Le président du Mouvement pour la renaissance du Cameroun dénonce une atteinte à la Constitution dans la prorogation des mandats locaux

Maurice Kamto, figure de l’opposition camerounaise, accuse l’administration actuelle d’avoir enfreint la loi fondamentale en prolongeant indûment le mandat des conseillers municipaux. Cette décision, officialisée par un décret présidentiel en date du 4 mai 2026, est au cœur d’une bataille juridique et politique. L’ancien ministre de la Justice s’appuie sur une violation flagrante des principes constitutionnels, notamment l’empiètement du pouvoir exécutif sur le domaine législatif et l’atteinte aux principes démocratiques.

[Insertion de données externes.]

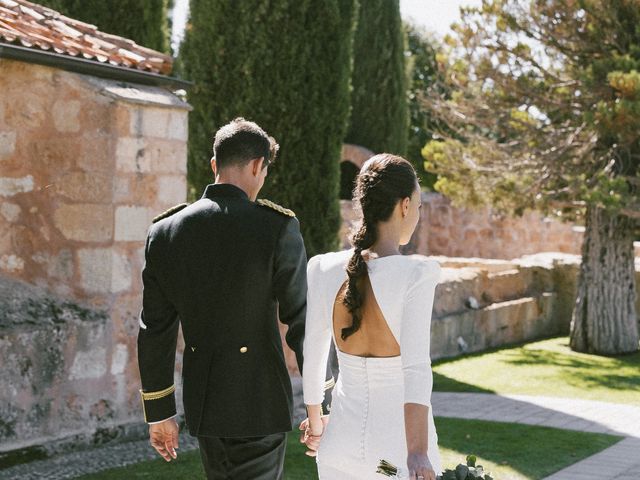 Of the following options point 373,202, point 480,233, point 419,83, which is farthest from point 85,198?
point 419,83

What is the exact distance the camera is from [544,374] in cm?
1075

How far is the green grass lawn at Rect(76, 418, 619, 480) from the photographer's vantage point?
6.19 metres

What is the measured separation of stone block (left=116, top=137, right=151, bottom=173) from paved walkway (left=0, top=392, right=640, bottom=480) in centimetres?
197

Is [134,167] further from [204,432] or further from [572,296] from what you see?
[572,296]

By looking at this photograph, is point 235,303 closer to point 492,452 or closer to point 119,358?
point 119,358

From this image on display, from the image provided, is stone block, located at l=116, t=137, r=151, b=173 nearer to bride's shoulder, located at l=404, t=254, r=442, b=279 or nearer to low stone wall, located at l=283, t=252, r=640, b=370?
bride's shoulder, located at l=404, t=254, r=442, b=279

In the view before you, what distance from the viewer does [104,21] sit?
11672mm

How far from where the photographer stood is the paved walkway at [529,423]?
6281 mm

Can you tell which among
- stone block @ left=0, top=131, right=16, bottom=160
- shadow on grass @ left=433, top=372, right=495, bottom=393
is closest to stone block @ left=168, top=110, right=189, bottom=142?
stone block @ left=0, top=131, right=16, bottom=160

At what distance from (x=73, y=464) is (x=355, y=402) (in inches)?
148

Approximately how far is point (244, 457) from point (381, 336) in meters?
0.78

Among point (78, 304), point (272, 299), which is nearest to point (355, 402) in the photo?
point (272, 299)

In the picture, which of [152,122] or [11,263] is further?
[152,122]

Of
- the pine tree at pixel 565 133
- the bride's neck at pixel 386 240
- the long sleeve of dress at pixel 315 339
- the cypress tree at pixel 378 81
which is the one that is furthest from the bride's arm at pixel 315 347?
the cypress tree at pixel 378 81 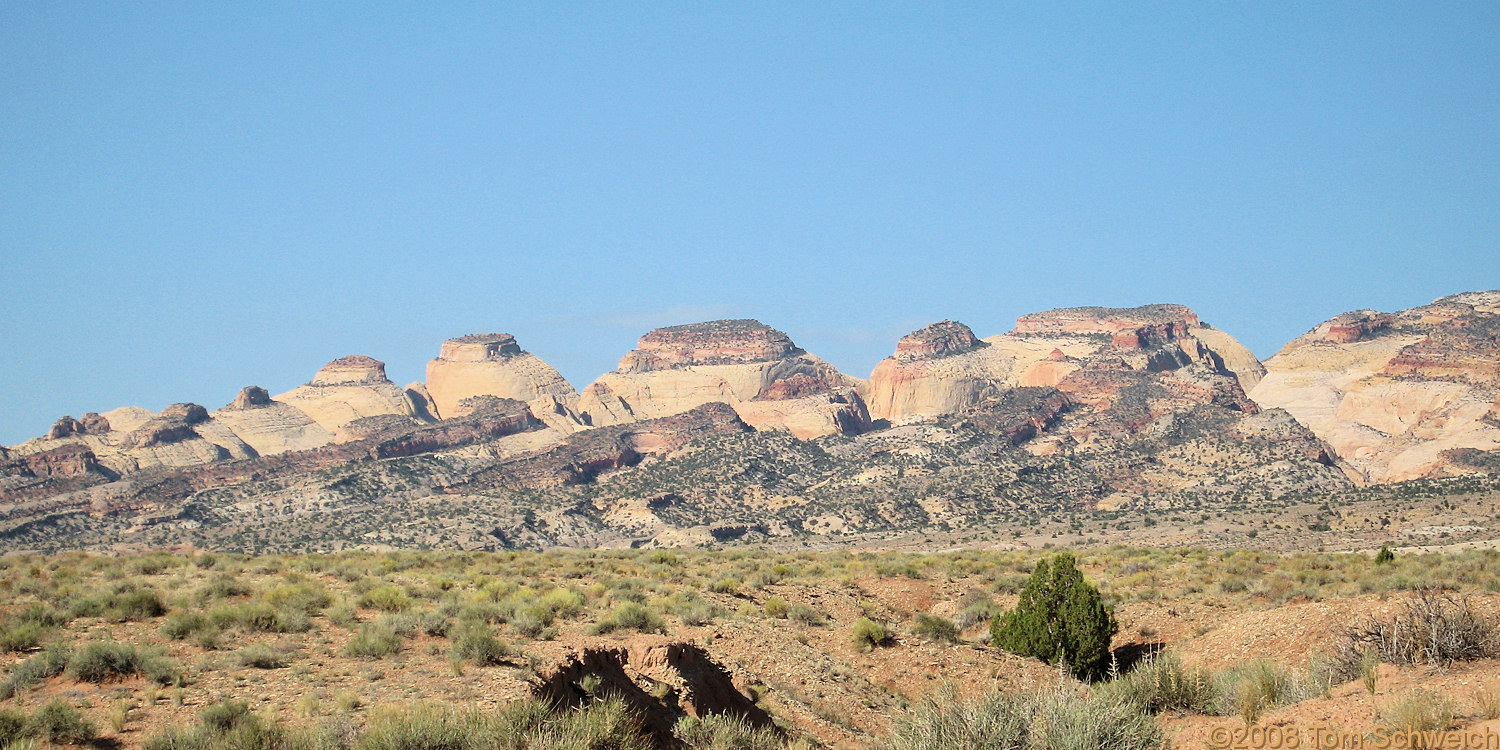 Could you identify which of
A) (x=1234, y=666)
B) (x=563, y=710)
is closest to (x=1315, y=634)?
(x=1234, y=666)

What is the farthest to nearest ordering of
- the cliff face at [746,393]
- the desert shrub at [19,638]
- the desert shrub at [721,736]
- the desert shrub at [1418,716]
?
the cliff face at [746,393] < the desert shrub at [19,638] < the desert shrub at [721,736] < the desert shrub at [1418,716]

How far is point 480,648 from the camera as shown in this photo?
18.3 meters

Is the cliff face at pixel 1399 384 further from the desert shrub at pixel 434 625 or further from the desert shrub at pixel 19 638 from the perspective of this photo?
the desert shrub at pixel 19 638

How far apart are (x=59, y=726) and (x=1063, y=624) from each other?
59.2ft

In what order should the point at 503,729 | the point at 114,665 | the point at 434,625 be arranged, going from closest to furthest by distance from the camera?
the point at 503,729 → the point at 114,665 → the point at 434,625

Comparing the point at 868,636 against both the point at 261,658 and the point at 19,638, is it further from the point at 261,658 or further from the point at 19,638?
the point at 19,638

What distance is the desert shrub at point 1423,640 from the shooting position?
16828 mm

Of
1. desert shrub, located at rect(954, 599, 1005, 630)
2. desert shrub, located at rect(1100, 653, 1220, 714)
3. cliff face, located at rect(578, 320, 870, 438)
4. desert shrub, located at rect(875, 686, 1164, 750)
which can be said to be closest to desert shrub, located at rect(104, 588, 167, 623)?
desert shrub, located at rect(875, 686, 1164, 750)

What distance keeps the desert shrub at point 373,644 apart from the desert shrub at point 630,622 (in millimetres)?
3841

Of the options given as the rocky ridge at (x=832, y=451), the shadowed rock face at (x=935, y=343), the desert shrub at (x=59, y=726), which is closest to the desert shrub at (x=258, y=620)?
the desert shrub at (x=59, y=726)

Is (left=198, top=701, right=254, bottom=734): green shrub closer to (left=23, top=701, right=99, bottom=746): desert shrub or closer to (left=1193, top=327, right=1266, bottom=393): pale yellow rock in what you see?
(left=23, top=701, right=99, bottom=746): desert shrub

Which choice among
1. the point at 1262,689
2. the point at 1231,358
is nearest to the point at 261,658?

La contestation porte spécifiquement sur la modification récente du code électoral. Selon Maurice Kamto, la loi promulguée le 14 avril 2026, qui autorise le président à proroger les mandats au-delà de 18 mois, ne prévoit aucun effet rétroactif. Pourtant, le décret présidentiel a prolongé les mandats jusqu’au 27 février 2026, alors que la date limite initiale était fixée au 9 août de la même année. Pour l’opposant, cette mesure constitue une violation claire du principe de non-rétroactivité des lois, inscrit dans le préambule constitutionnel.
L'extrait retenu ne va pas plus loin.